Things change over time. New tax laws, more grandchildren, an aging estate executor ... the list goes on and on. That being said, it's no surprise that a recent explorenews.com article, titled "Six reasons to take a fresh look at your estate plan," recommends that you should review your estate plan every few years to see if it needs updating. Whether you have a simple will or a revocable living trust, the article points out several reasons to re-evaluate your estate plan regularly.
New family members and friends. There might be a new person in your family or a friend whom you would like to add as a beneficiary, trustee, or inheritor. There may be some new grandchildren and in-laws, or charitable organizations in which you have become active.
Former family members and friends.
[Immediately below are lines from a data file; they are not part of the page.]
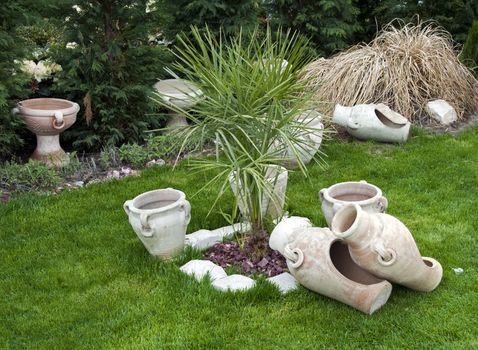 old vases in garden with green grass and palm tree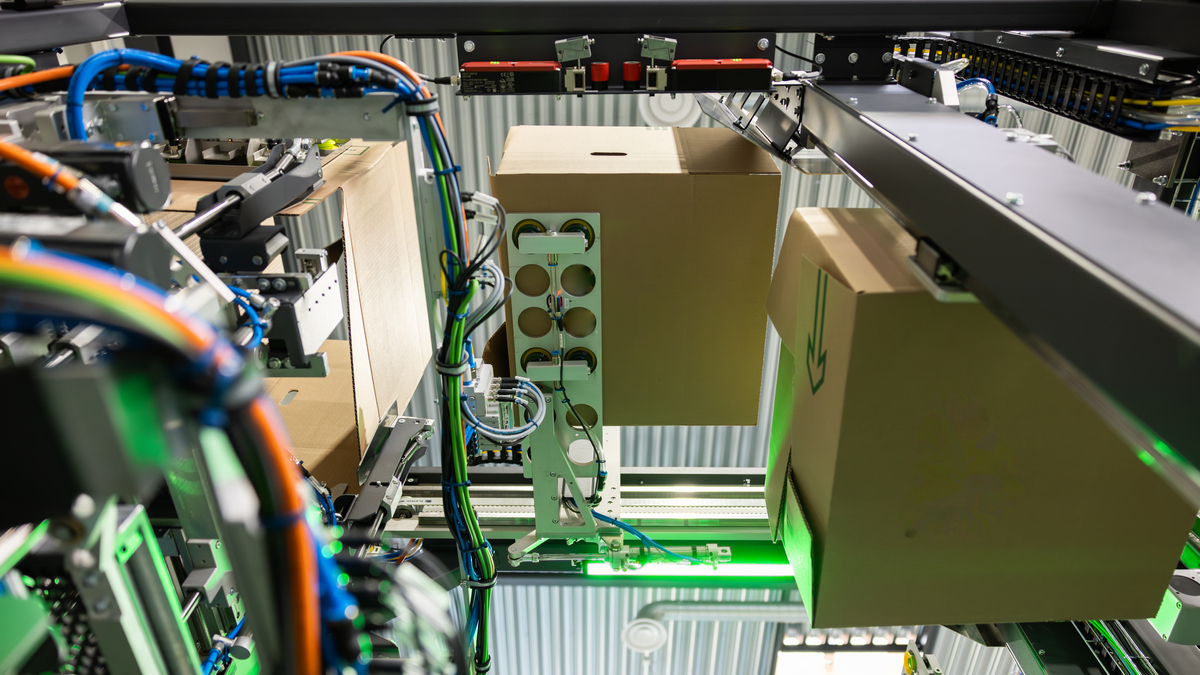 Internal view of Tronrud packing machine, wihg cases and wiring.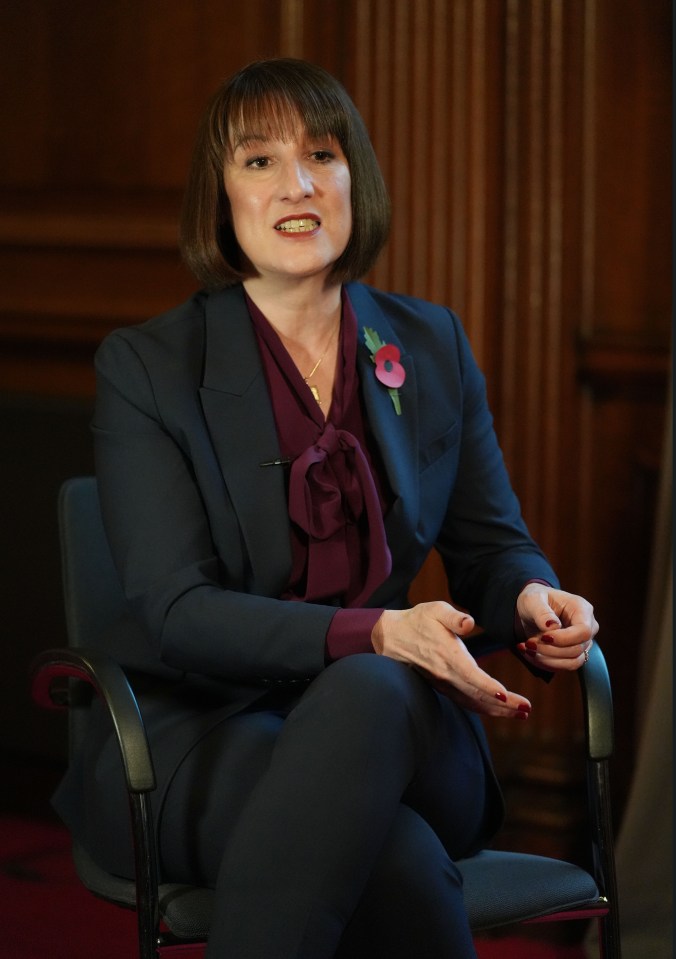 a woman in a suit has a poppy pin on her jacket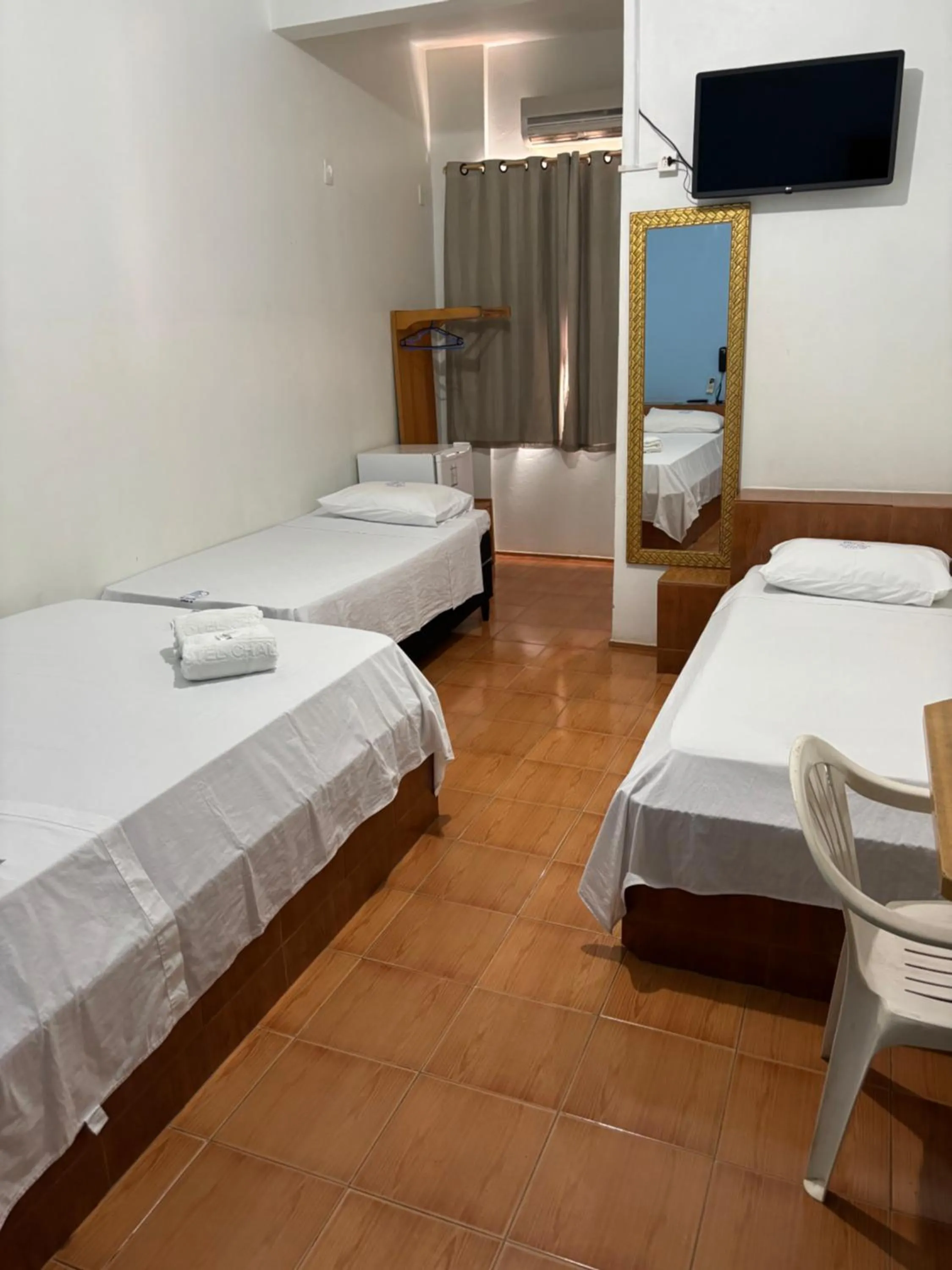 Bed in Hotel Chalé Ji-Parana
Perhaps you want to exclude someone currently in your will or trust, like an ex-spouse or ex-in-laws.
Your choice of executor or co-trustee. The article suggest that you consider the current age, geographic location, abilities and skills of the executor and/or co-trustee you originally chose, and whether those individuals are still the best candidates. For example, you may want to change your named executor or trustee if he or she is in their mid-80s.
Assets. Do your will and/or trust still apply to the assets you currently have? If your assets have increased or become more complex, you might want to look at adding a trust, drawing up a more detailed will, or consulting with an estate planning attorney to better evaluate your circumstances.
Values. There is more to estate planning than just finances. Evaluate the decisions you have documented regarding your health care and Advance Directives, such as any Do Not Resuscitate (DNR) order. Think about whether you would like to make any changes.
Tax law. A change in the federal tax laws may require updates to trusts. Estate planning attorneys generally recommend that you should have a health care power of attorney and a financial power of attorney.
Once you update your estate plan, tell your family what documents you have drawn up and where they can find them (such as at your attorney’s office). You need not tell them what is in your will or trust, but someone needs to know it exists. Keep your living will somewhere easy to find, and give copies to appropriate family members, along with copies of your health care and financial powers of attorney. These extra steps will ensure that your wishes are put into action when needed.